#### What is being asked:
Working from the top of the records below, reproduce each line exactly, ending once you have written the line containing "Spoorwegovergang Sale Marasino".
BEGIN Entries provided
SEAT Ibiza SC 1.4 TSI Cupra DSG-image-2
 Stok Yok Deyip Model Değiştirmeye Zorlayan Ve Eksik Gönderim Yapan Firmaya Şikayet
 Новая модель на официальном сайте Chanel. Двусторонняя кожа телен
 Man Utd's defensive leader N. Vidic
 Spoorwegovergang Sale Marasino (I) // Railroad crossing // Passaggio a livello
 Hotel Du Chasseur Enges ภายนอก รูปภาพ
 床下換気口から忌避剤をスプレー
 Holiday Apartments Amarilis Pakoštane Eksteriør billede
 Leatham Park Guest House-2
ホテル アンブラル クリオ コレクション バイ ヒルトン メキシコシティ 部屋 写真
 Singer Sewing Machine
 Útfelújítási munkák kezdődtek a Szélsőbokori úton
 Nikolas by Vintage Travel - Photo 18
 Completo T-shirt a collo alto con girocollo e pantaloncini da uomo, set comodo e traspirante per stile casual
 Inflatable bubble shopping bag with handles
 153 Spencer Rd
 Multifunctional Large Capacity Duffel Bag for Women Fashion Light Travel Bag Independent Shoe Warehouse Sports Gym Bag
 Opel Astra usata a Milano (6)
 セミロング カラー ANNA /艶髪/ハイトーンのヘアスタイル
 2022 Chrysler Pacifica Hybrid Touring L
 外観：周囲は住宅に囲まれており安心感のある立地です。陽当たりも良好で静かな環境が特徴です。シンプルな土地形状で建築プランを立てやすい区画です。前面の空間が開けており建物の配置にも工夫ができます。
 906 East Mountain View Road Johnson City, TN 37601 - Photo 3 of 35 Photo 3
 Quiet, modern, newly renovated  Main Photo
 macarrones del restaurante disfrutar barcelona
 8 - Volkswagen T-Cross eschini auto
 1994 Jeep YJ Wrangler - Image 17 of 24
END Entries provided
#### Answer to this exercise:
SEAT Ibiza SC 1.4 TSI Cupra DSG-image-2
 Stok Yok Deyip Model Değiştirmeye Zorlayan Ve Eksik Gönderim Yapan Firmaya Şikayet
 Новая модель на официальном сайте Chanel. Двусторонняя кожа телен
 Man Utd's defensive leader N. Vidic
 Spoorwegovergang Sale Marasino (I) // Railroad crossing // Passaggio a livello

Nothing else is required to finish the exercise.